The Mediator need not be a licensed attorney; however, a Mediator who is not an attorney is less likely to tackle the more complex areas of dispute including child support calculations and drafting of parenting plans or separation agreements. In Missouri, there is no certificate or licensure necessary to be a Mediator; however, in order to qualify as a Court-appointed Mediator in a contested child custody matter, the Mediator must either be an attorney or hold a graduate degree in a field substantially related to marriage and interpersonal relationships and have received 20 hours of child custody mediation training by a program approved by the Missouri Supreme Court.
The rules or guidelines of each Mediation concerning cost, terms of payment, scheduling, format, number of meetings, and whether the parties meet as a group or individually with the Mediator (also known as a caucus), are at the discretion of the Mediator. Even though the Mediator does enjoy a great breadth of discretion as to the formalities, the Mediator does not have discretion concerning the confidential nature of the Mediation. Because a Mediation is, in essence, a settlement conference, the discussions held during a Mediation are confidential and can not be used by either party at trial.

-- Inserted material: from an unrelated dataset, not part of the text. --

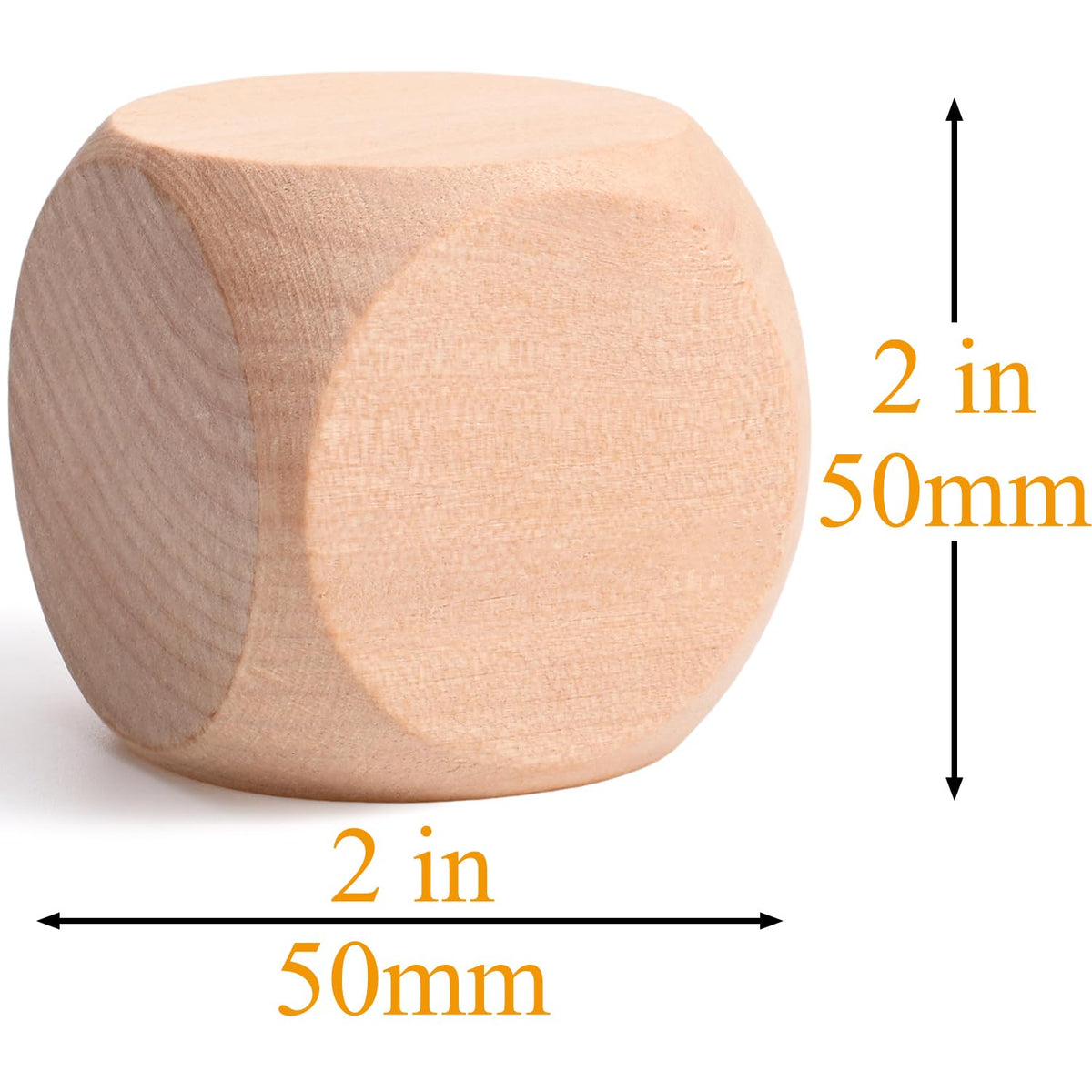 Blank Wooden Dice 2 inch 10PCS Unfinished Square Blocks 50mm Small Wood Cubes with Rounded Corners for DIY Craft Projects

In addition, the Mediator cannot be subpoenaed by either party to come to Court and testify about the Mediation. Unless he or she obtains the consent of the parties, the Mediator is unable to even discuss the conversations held during the meeting with the parties’ attorneys. Because the Mediation is non-binding, an agreement need not be reached. If after engaging in the process, the parties have been unable to arrive at a mutually agreeable resolution to the dispute, the litigation may continue.
While an agreement on all issues might not be reached, particularly in family law cases, the parties might be able to work out a resolution on some of the issues (such as property division) but not others (such as child support). Limiting the issues that need to be heard and decided by the Court will ultimately reduce the amount each party spends on their own individual attorney fees. If you think Mediation is right for your Family Law case, Emily J. Fretwell has the experience and training to assist you with your Mediation needs.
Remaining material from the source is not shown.